On a yearly basis, the boards of homeowners’ associations (“HOAs”) are faced with making important and sometimes costly decisions on behalf of the communities they govern. When retaining the services of professionals and vendors to provide services for your association – it’s essential to exercise due diligence to ensure your association is properly protected. Here are some important reminders:

Always review a contract before entering into it. Unfortunately, from time-to-time, association boards will enter into a contract without carefully reviewing the terms of the agreement. Sometimes this will occur when a board has built a relationship of trust with a particular professional or vendor. However, it’s important to understand that this relationship does not dispense with the obligation of directors to take the necessary action to make informed decisions on behalf of the communities they serve. 

Obtain legal review before entering into significant contracts. Not having legal counsel review contracts where significant money will be spent by the association and significant work will be performed by the contractor – is penny wise and pound foolish. This is particularly true with construction contracts and significant vendor contracts. Your legal counsel should be equipped to review and negotiate terms regarding things like: scope of work, payment terms, insurance requirements, warranty requirements, indemnification, lien waivers, default and termination of the agreement.   

 

Don’t assume terms of contracts are not subject to negotiation.
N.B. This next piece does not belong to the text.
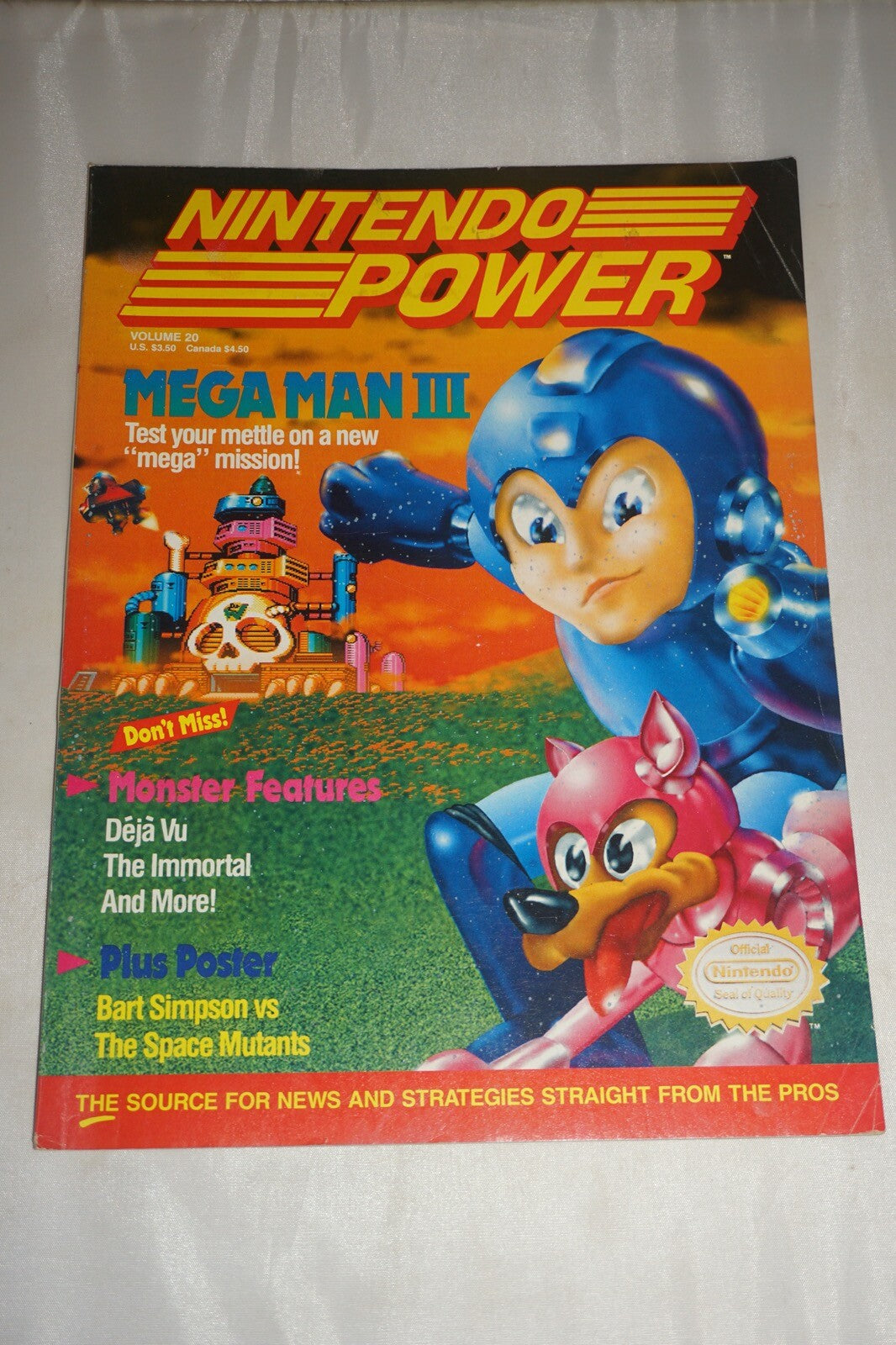 Nintendo Power Vol 20 Mega Man III 3 Magazine #2 Poster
Sometimes vendors will tell boards that the terms of their contract are not negotiable. While there may be particular provisions a vendor is not willing to budge on – don’t assume this is the case. If there are provisions a vendor will not negotiate, boards need to consider whether this is a deal breaker for their association. In making this decision, it may be wise to seek advice from legal counsel or other related experts. 

 

When conducting the business of your association, it’s important to remember that directors have a duty of care they must fulfill. This means that directors must give the business of their association the same degree of care and diligence that prudent persons would exercise in their own affairs under similar circumstances. The duty of care requires directors to invest time and attention to association business, make reasonable inquiry into association matters to enable informed decision-making and to take reasonable (not arbitrary and capricious) action.